So I guess my main point in defending the Rules DSL is not that other languages are worse but that the Rules DSL is pretty good in its own right.

Pretty good relative to what? Yes, the Rule DSL supports event-based programming. However, it’s not any better at event-based programming than a JSR223 rule. In both cases, you have code execution that is triggered by the same OH events. The “when” triggering is almost identical. However, with JSR223 rules can have “templated” triggers or generate the triggers programmatically based on rule instance parameters. The “then” block of code is where the primary difference lies. With the JSR223 languages you have a richer set of options for programming techniques, data structures and for creating reusable, modular code. If you want to use OO techniques, that can done. If you want to use functional techniques, you can do that. You can even use Group-Oriented Item-based programming techniques where appropriate.

The fact that the JSR223 rule themselves are objects provides all the standard benefits of OO: abstraction, encapsulated state, polymorphism, code reuse and so on. And no, defining a DSL Rule per file and using file-scope variables is not the same as OO encapsulation.

I’m not interested in a debate about whether the Rule DSL is theoretically capable of implementing anything that can be implemented in JSR223. I’m assuming they are Turing equivalent. My focus is more on the pragmatics of how to most effectively implement OH automation functionality.

I agree that one advantage of the DSL is that it’s the “default” for OH. However, we’ve established that it is less powerful (relative to language features, documentation, libraries, IDEs, …) than the JSR223 languages. I believe that the Rule DSL is an inferior approach that requires even professional programmers to spend significant amounts of time to “bend to the language”. I don’t find much to like about it, especially since there are better options.

Actually, I find that using Groups like I describe here there is very rarely a need for
lambdas at all. That is one reason I promote their use so heavily. If you have lambdas I treat
that as a slight code smell.

Oddly, the page you linked to shows lambdas being used in many places (and so does the “Set lights based on Time of Day” example). To be clear, I’m not anti-lambda. You have some good examples on that page of using lambda and functional techniques in reasonable ways. However, I think that Group-Oriented programming where lambdas are used to access “fields” of data structures is a clumsy and nonperformant technique. I do understand that this may be the best or only reasonble choice you have with the DSL. I believe that you are giving excellent advice to DSL users and that your techniques are quite clever given the constraints you have.

Actually, I would end up having one Rule with 20 or 30 triggers and maybe a switch statement. I’d need to see a concrete use case to say how I would implement it. To add a mode to only enable some schedules when the house is in vacation mode I would either have some if/else or switch statements or potentially one additional rule. So this is why I challenge the OO paradigm. You have one additional function and so do I. Mox nix, no?

From my perspective, absolutely not.

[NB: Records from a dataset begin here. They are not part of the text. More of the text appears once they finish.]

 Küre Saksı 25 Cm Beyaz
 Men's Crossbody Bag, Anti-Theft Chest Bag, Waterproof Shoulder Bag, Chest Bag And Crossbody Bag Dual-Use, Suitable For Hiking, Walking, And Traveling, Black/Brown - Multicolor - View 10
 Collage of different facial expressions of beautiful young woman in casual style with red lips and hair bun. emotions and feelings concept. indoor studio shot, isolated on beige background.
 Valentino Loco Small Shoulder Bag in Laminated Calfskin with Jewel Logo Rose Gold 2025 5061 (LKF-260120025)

A switch statement with numerous cases that must be modified for each new scheduled action is not the way I want to implement my rules. I also don’t want to create Items for each triggering condition versus using a direct cron trigger that requires no triggering Item. I don’t want to effectively write my own scheduler by having a periodic rule trigger and then evaluating which time constraints are ready to execute. Note that this is a relatively simple use case. It’s better supported in JSR223 because the rule triggers can be parameterized. AFAIK, you can’t use a variable in a Rule DSL trigger. It wouldn’t make sense anyway because there is no support for abstract rule classes that can be instantiated with different trigger parameters.

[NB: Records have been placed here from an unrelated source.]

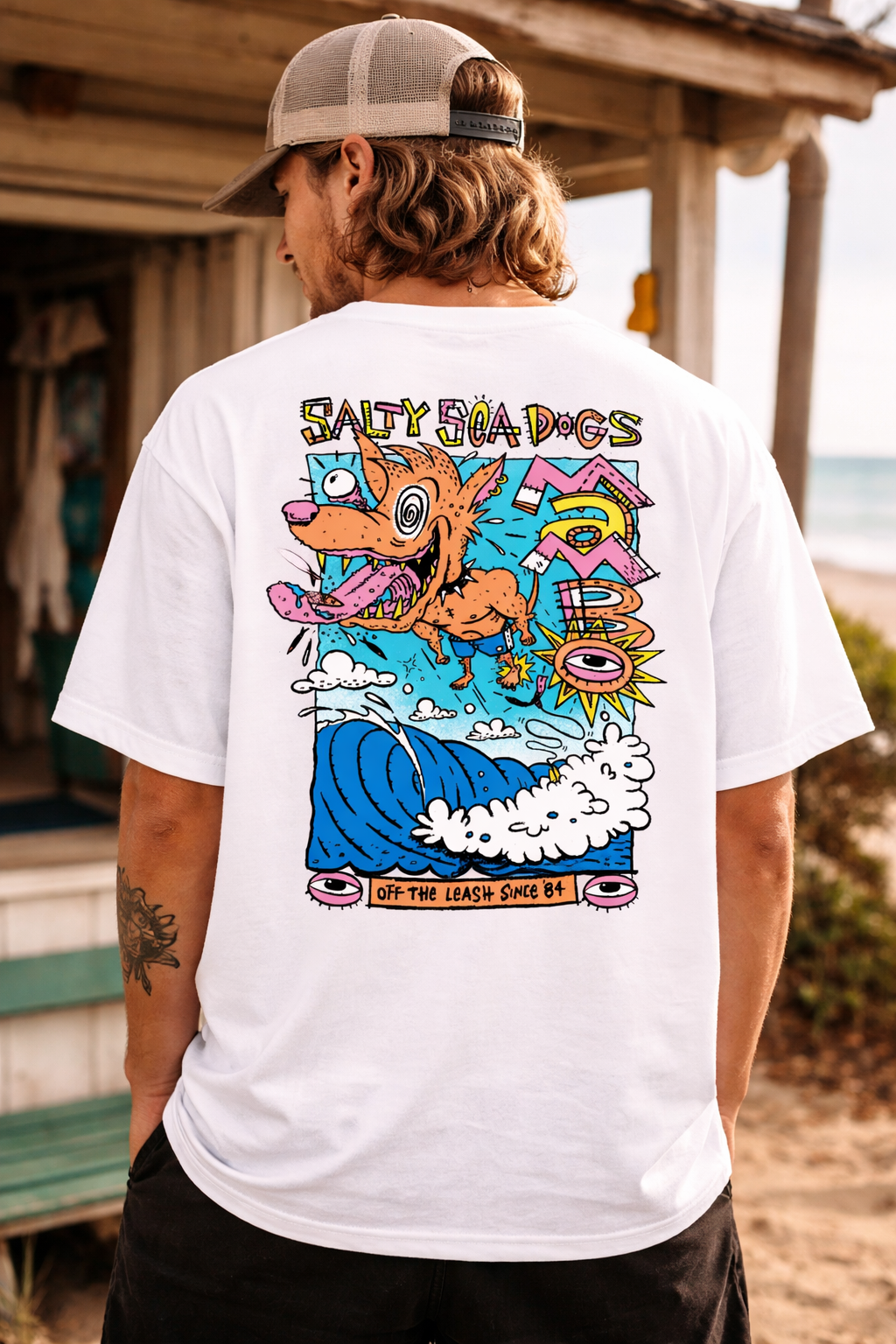 Salty Sea Dogs Oversized T-Shirt – Beach Streetwear Graphic Tee for Men
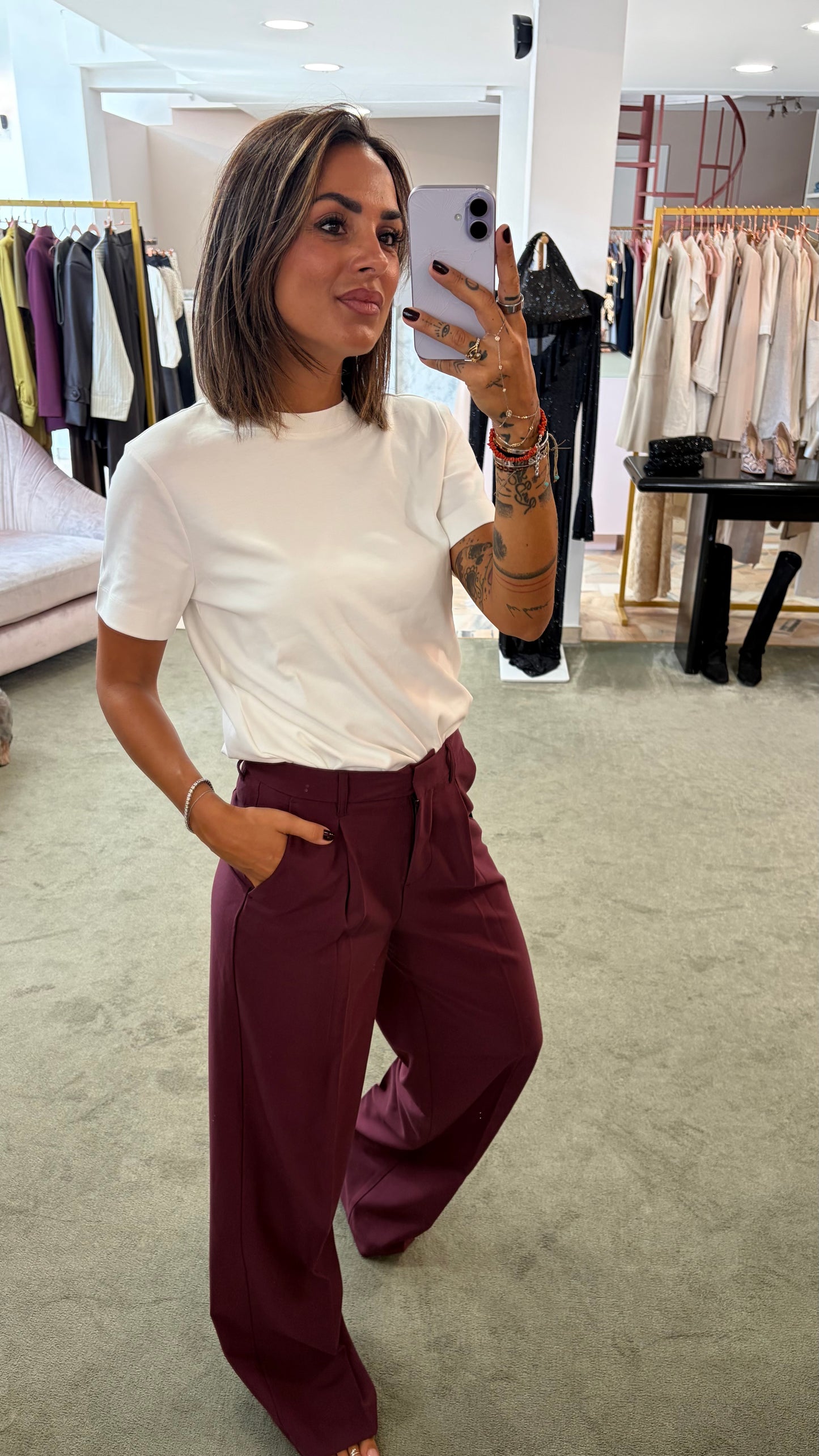 T-shirt regular manica corta naima bianca aw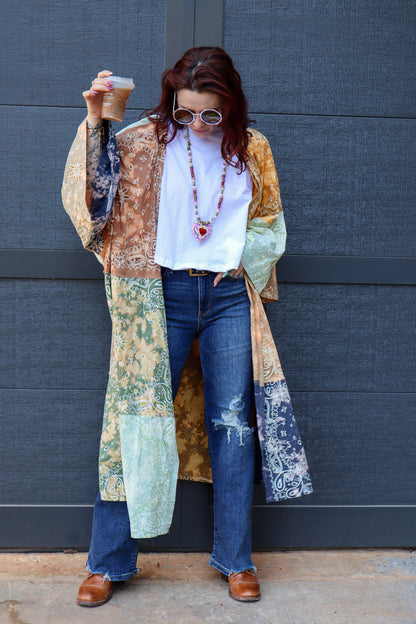 Last One Left Sale - Meadow Oaks Funky Patched Duster Jacket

But I had to bend to the langauge.

Had I not chosen to contribute to these forums as my way to give back to the community and I knew about the JSR233 binding I probably would have gone with Jython from the start. I’m kind of glad I did because I think it did make me grow as a programmer.

The good news is that you want to help people with their DSL programming issues (and you are good at it) and people that use the DSL will almost certainly need your help.

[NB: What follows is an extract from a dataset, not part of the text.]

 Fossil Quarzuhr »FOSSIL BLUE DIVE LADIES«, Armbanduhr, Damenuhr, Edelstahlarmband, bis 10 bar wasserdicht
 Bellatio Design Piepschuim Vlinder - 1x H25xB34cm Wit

I’m cautiously optimistic about the Experimental DSL. If it lives up to its vision, I’ll be able to just write a library of resusable code instead of these Design Pattern postings (I’d love to write a generic state-machine).

You can do that already in the JSR223 languages and there are several GitHub repos created by users that contain reusable Jython code for OH (and least two for OH2 already).

Hi everybody.

I was not sure whether to post here or not, because for me this is a really deep discussion on programming techniques and all that stuff. And I’m not a programmer or developer at all. So I’m also quite sure I did not understand everything. I consider myself more or less a end user with some basic coding experience. But I think this is a really great and necessary discussion and I will try to add a (my personal) end user point of view.

But let my first say some words about my current experience with rules. I was using OH for about 2 years now (still 1.x branch) and all my rules are written with DSL. I’m aware of the jsr223 engine but never gave it really a try. And also I’m not familiar with the approach of the new experimental engine. So maybe I missed some opportunities to improve my code or do things more efficient compared to the current DSL rules I use.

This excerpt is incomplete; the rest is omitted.